“But in this case I shall not do so,” said the court. “I shall submit it to you free from expression of my own judgment. Your decision shall be the last and only one on the question of fact.”

He then explained the law of conspiracy at considerable length, after presenting a brief digest of the substance of the indictment. He announced that it was unnecessary to prove explicit agreement to enter a conspiracy against the defendants if there was circumstantial evidence that such a conspiracy existed, judged by the facts and the actions of the defendants.

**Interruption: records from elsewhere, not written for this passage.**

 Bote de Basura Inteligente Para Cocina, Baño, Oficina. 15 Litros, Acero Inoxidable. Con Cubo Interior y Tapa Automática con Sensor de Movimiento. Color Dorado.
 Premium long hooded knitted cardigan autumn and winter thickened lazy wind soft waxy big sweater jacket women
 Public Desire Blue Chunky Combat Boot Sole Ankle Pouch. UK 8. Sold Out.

“Mere passive knowledge of the criminal activities of other persons is not sufficient to establish a conspiracy,” he instructed. “Some participation, coöperation, must be shown to establish the connection of any defendant, and by evidence of fact and circumstances independent of the declarations of other people,—that is, by evidence of the defendants’ own acts. Until such evidence is introduced, the defendants are not bound by the declaration or statements of others. But after it is shown he is a member of the conspiracy, he is so bound, providing the acts are in furtherance of the common purpose.”

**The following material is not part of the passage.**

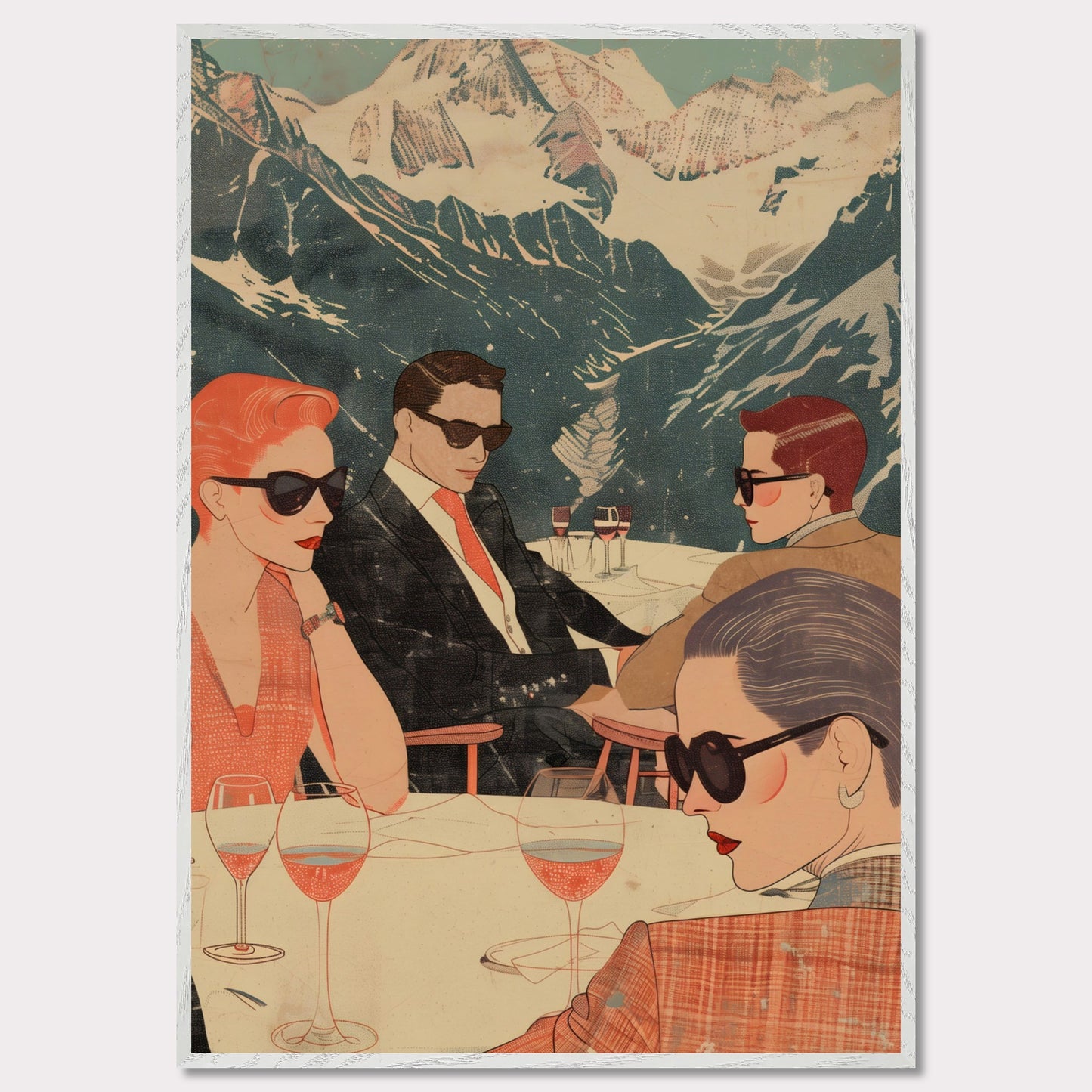 This captivating illustration depicts a stylish group of individuals enjoying a sophisticated gathering with a stunning mountain backdrop.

The court also instructed that if any defendants entered the conspiracy after it started, knowing its purpose, they were equally guilty as if they had been of those who originally conspired, but he tempered this by suggesting that they might all have been guilty of minor conspiracies in different places, and he stated that if these were not related to a common purpose, they were not guilty under the indictment. He also announced that they might all be guilty of the acts of violence set forth in the indictment, and yet, if these were not related to a common conspiracy, they were not guilty in the charge in the case.

Both sides professed satisfaction with the instructions. The sentences of the Court sent Haywood and fourteen others, his principal aids, to the penitentiary for twenty years. Thirty-three men got ten years, the same number got five years; twelve men got a year and a day, two men got off with two days in jail, and two had their cases continued. There was well nigh a train load of them that started for Leavenworth federal penitentiary the next day. The Department of Justice could not find handcuffs enough in the city of Chicago to accommodate all the prisoners on that train!

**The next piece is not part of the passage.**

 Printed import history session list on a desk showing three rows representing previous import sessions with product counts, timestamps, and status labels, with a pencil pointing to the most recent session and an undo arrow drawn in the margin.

The total time covered by these I. W. W. sentences amounts to eight hundred and seven years and twenty days. The world is deprived of that much-too-independent work in a time when the world needs honest labor. Haywood’s boast that there are 100,000 uncaught and unrepentant I. W. W.’s in the United States alone is all the proof needed of the nature of the men thus put away.

These men, like most under-cover criminals, were cowards. Haywood’s face went white when he heard sentence passed on him. The prisoners, but lately sneering and arrogant, now sat overwhelmed. Their friends and adherents also were stunned. The court room was filled with armed U. S. Marshals and A. P. L. men, all unknown and all ready for trouble. There was no trouble. Dead silence was in the room. All bail was cancelled, of course, and the march to jail began.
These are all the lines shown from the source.